Does your injury involve swelling and inflammation? Is the injury new, from the past few hours?
Because ice and cold packs constrict blood vessels, they are efficient in reducing or preventing inflammation. For best results, apply ice as soon as possible after an injury. It also helps the affected joint remain more mobile and maximizes the effectiveness of massage and other manual therapies.

To avoid tissue damage, do not apply ice or cold packs for more than 20 minutes at a time. Wrap the packs in towels, and don’t place them on areas where you already have circulation issues.

Does your injury involve tightness and muscle spasms? Did the injury occur more than a day ago?
Injured muscles, ligaments and tendons may become tight and develop spasms after time passes. Applying heat helps with pain management and keeps these areas flexible. In turn, this flexibility helps you or your physical therapist stretch the area for better circulation and mobility.

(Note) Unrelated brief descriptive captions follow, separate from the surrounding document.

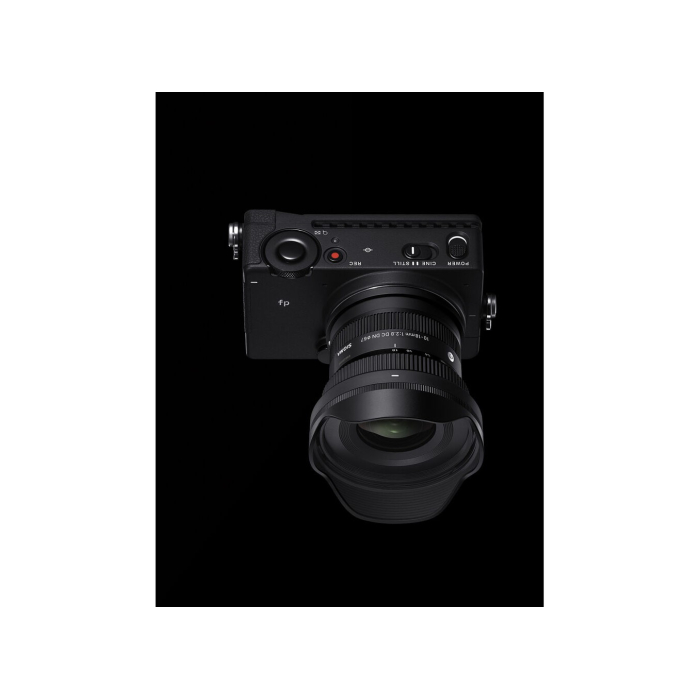 Sigma 10-18mm f/2.8 DC DN (C) Fujifilm X - Likenew Sigma 10-18mm f/2.8 DC DN (C) Fujifilm X - Likenew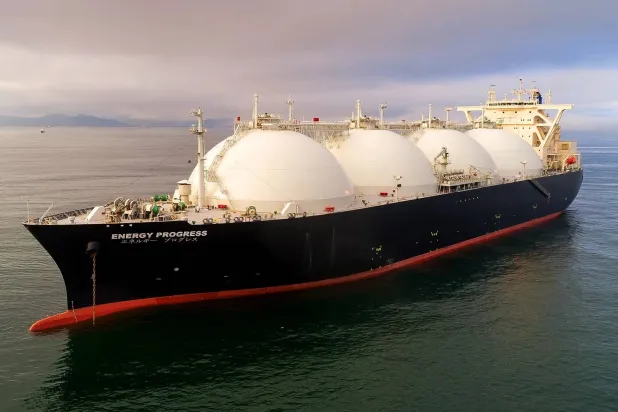 ناقلة غاز في عرض البحر (إكس)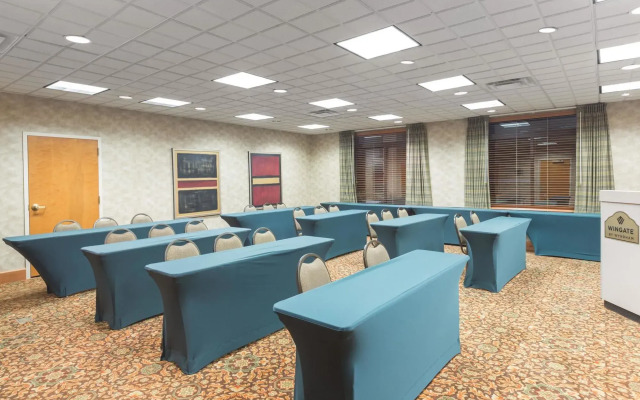 Spark by Hilton Tupelo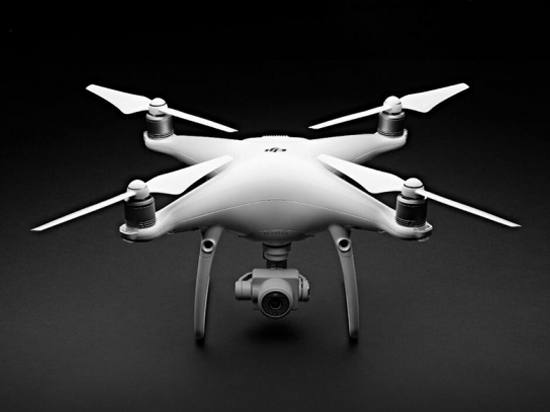 8999元起！大疆精靈Phantom 4 Advanced無人機發(fā)布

Also, use heat for chronic pain—pain that is recurrent or persistent. The heat increases your blood supply, relaxes muscles and boosts toxin elimination. Apply heat before you exercise, but avoid doing so after exercising because it may increase your pain. Instead, apply ice or cold packs to help with the inflammation that results from exercising.

Whatever your injury involves, ice and heat are just two components in a treatment plan. It’s a good idea to seek out physical therapy in NJ to either supplement your at-home treatments or to receive a full-body approach for complete healing. Your therapist will take thorough medical histories and conduct examinations to get to the root of what’s causing your issues. Treatment plans often include manual therapy as well as passive therapy such as laser treatment, electrical stimulation and continued ice or heat therapy.